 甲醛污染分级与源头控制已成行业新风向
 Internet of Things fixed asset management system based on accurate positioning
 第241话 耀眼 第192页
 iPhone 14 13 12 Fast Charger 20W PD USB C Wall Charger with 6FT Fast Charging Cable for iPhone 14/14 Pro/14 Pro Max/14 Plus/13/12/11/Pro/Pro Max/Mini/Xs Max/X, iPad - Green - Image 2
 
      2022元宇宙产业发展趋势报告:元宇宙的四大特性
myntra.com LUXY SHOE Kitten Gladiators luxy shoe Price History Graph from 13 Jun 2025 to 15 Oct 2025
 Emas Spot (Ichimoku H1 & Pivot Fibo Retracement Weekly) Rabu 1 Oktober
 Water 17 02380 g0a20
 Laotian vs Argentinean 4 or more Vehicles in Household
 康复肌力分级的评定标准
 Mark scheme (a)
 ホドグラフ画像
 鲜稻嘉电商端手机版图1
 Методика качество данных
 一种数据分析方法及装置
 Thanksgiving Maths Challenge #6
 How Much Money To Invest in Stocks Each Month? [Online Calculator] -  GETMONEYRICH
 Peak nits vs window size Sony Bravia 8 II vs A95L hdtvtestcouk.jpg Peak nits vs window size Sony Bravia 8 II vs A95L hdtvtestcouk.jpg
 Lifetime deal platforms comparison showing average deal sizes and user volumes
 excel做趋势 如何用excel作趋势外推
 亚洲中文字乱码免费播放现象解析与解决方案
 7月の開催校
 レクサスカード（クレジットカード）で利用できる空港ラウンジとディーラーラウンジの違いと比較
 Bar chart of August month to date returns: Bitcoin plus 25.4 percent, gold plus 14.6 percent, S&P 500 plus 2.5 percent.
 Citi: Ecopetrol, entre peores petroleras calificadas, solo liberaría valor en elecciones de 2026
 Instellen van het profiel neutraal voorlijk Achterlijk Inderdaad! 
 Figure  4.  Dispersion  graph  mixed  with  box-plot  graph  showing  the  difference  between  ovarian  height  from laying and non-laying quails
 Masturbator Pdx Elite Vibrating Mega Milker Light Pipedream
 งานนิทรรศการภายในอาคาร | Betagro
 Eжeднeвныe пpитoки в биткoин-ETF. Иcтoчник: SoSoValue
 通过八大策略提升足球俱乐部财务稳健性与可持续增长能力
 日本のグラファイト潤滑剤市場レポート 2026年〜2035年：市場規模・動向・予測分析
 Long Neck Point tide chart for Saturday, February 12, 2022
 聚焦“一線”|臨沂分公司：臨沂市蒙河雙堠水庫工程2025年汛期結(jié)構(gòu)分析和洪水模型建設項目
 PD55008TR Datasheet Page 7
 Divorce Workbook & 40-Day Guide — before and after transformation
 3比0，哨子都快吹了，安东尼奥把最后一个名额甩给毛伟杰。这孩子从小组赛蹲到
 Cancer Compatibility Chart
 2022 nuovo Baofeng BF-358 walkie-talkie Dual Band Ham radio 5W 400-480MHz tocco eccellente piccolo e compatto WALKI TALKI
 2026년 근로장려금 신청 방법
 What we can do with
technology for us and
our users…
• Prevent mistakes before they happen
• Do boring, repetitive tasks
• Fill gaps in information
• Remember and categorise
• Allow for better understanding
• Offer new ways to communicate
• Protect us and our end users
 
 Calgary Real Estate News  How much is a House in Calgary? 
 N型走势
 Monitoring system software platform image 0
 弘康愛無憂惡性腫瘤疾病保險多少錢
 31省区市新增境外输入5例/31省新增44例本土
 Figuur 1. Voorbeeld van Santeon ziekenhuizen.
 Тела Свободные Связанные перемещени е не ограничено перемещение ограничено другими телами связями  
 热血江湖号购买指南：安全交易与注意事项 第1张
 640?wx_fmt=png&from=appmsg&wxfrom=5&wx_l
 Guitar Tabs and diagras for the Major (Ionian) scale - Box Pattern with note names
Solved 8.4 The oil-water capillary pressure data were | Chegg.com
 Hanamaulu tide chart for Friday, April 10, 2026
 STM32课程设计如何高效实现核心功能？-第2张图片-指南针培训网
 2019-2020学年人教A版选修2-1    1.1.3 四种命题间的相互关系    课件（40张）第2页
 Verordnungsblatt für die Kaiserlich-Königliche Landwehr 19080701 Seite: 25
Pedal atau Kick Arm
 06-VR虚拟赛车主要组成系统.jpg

--------------------

=== YOUR TASK ===
Retype the entries above exactly, but only from the line containing "Тела Свободные Связанные" through the line containing "Guitar Tabs and", both included.

=== SOLUTION ===
 Тела Свободные Связанные перемещени е не ограничено перемещение ограничено другими телами связями  
 热血江湖号购买指南：安全交易与注意事项 第1张
 640?wx_fmt=png&from=appmsg&wxfrom=5&wx_l
 Guitar Tabs and diagras for the Major (Ionian) scale - Box Pattern with note names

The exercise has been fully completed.